We saw mountains. We saw wildflowers (including elephantella and Old Man of the Mountains). M saw a pika. I saw a marmot. We saw snowfields. And we completely lost our breath after only a few steps up at the top. It was a not-to-be-missed day. Topped off by a nice little quilt shop in Estes Park [g].

At the end of it we drove back to Denver (via US 36 and I-25 and E-470) and found a room for the night near the airport. And the last of the story is in the next post.

photos again )
mmegaera: (grand geyser)
The next morning, I dropped M off at the Denver airport, and headed west on I-70 towards home. Again, I’ve been over the Front Range of the Rockies on I-70, although the last time was in 1975, and I was a passenger. It’s an entirely different experience when one is driving. Up over 11,000 feet, steep grades, winding turns, semis around every corner. I hadn’t realized that the Eisenhower Tunnel over the Continental Divide had only been a year old the first time I’d ridden through it in 1974. After the tunnel seven percent downgrades were common, down past Vail and Copper Mountain and Breckenridge ski areas to the redrock country of western Colorado. I tried, unsuccessfully, to find lunch in Glenwood Springs. I stopped at a fruit stand in the orchard country just east of Grand Junction and bought pears. I got gas in Fruita, Colorado, and drove on across into Utah, arriving in what I thought was that night’s destination of Green River at only four in the afternoon, so I kept going, turning northwest on US 6, which cuts off the point of a triangle, another 60 miles to Price, Utah, where I spent the night.

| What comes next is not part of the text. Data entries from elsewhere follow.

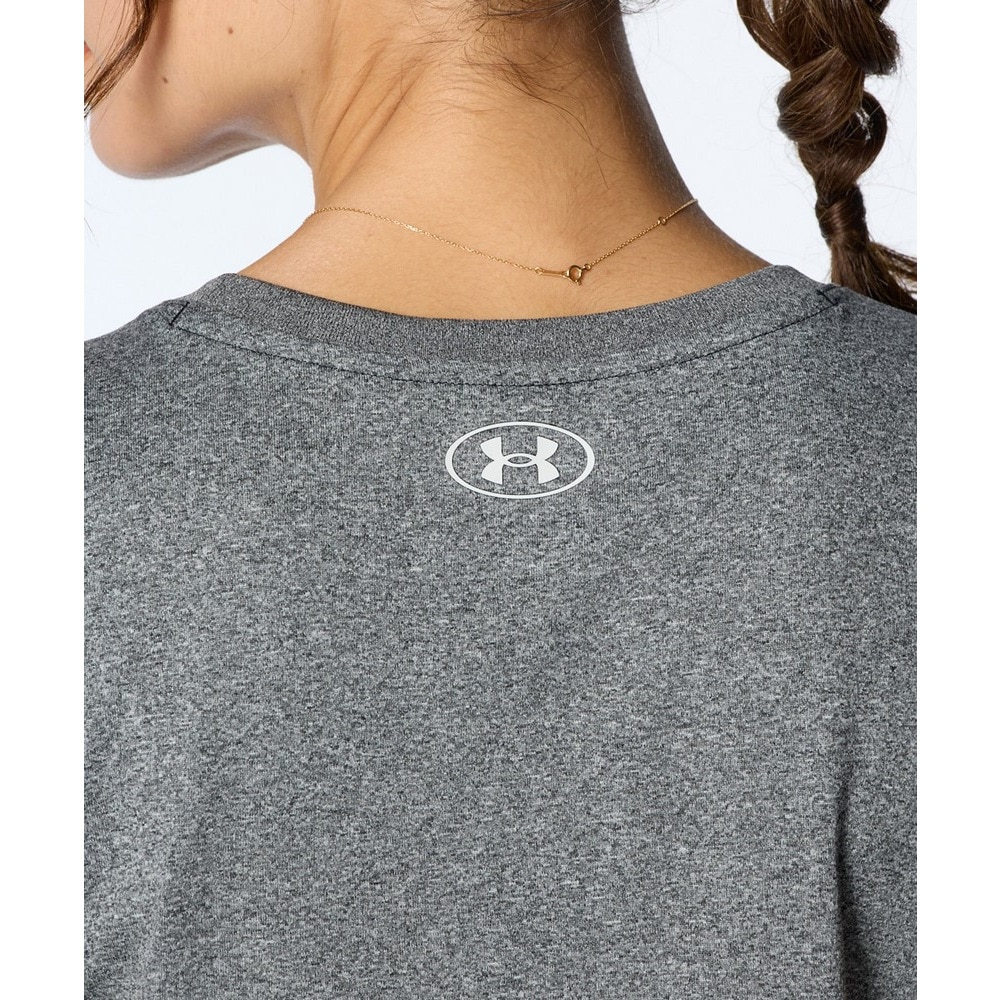 アンダーアーマー（UNDER ARMOUR）（レディース）テック ワードマーク 半袖Tシャツ 1384707 001
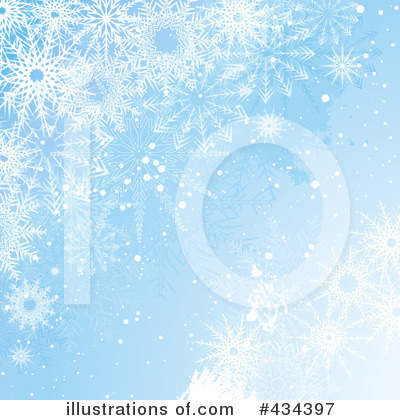 Royalty-Free (RF) Snowflake Background Clipart Illustration by KJ Pargeter - Stock Sample #434397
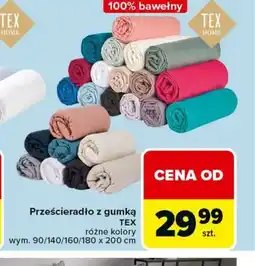 Carrefour Prześcieradło z gumką Tex Home oferta
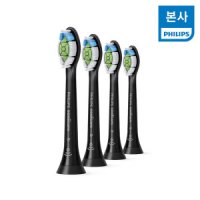 필립스 PHILIPS 옵티멀 화이트 칫솔모 블랙 HX6064/96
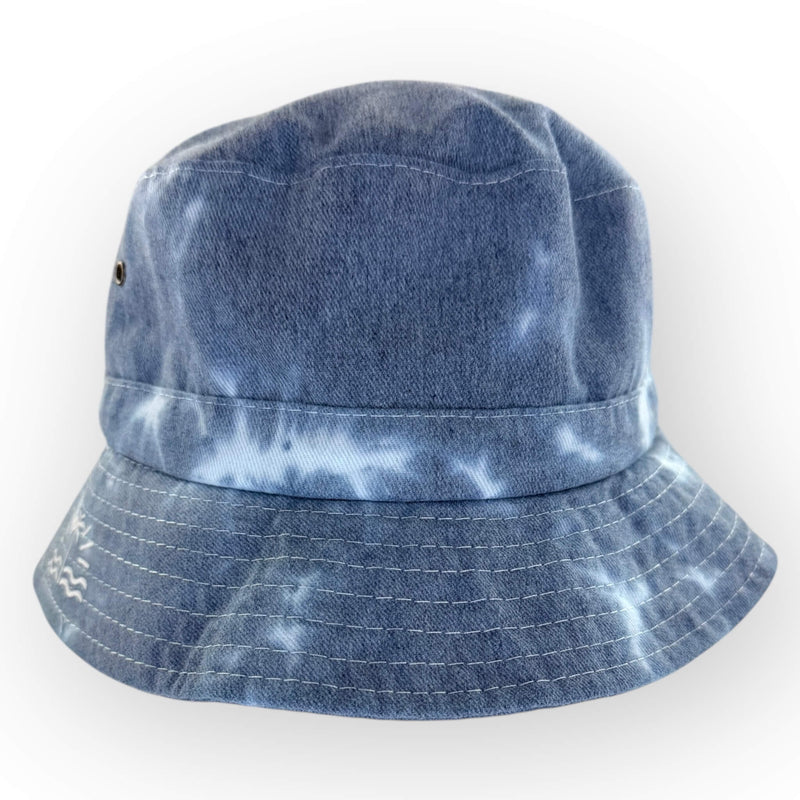 hand dyed Tie Dye Bucket Hat - Older Child / Adult Adjustable by And And Tie Dye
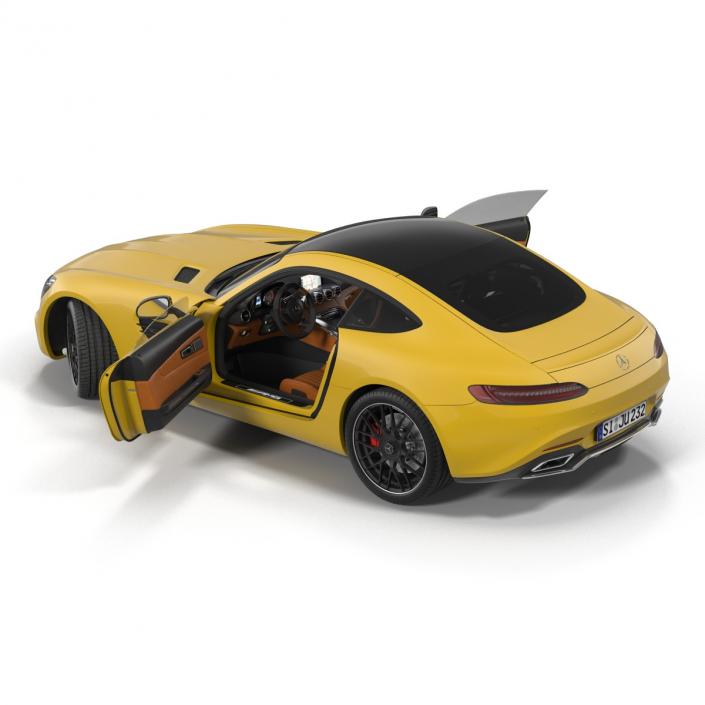 3D model Mercedes Benz AMG GT 2016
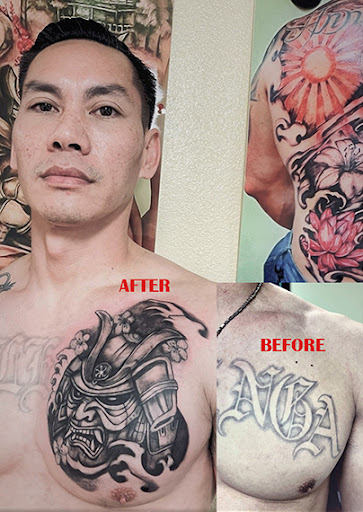 Explore silver lining tattoo ideas, creative tattoo ideas in Garden Grove, available at Anna Hang Tattoo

The next morning I headed further along US 6 to just south of Salt Lake City, where I picked up I-15 north into Idaho. Unfortunately, I caught both the tail end of rush hour and a lot of construction traffic in SLC, but I got through it relatively unscathed. I-15 between the northern edge of the SLC conurbation and the Idaho border is some of the most desolate high desert I’ve driven across in a long time. But not long after I merged from I-15 to I-84 westbound in southern Idaho, what should appear like a mirage right at lunchtime but a Carl’s Jr. [g]. After refueling, I headed west across Idaho, reaching Boise, my putative goal for the night, about the middle of the afternoon. So I kept going. I crossed the Oregon border (and went back to Pacific time) an hour later, and decided I could make it to Baker City, Oregon, 60 miles further on. So I did, arriving there tired but satisfied that I had less than 400 miles to go to get home.

The last day was familiar ground. Up I-84 into Washington to I-90 just past Yakima where you can see the “back side” of Mt. Rainier from the freeway, over Snoqualmie Pass, down SR 18, SR 167, and SR 512 home.

And when I got here the cats were still alive and well, the house hadn’t burned down, and my garden hadn’t dried up and blown away (all of which I’d had nightmares about the last two nights on the road, worse than I’d ever had before – I nightmared at least twice that the catsitter hadn’t shown up at all and that the cats had died of starvation). Now I’m home, unable to sit without being sat on, and actually, I think I’m glad.

It was a wonderful trip while it lasted, though.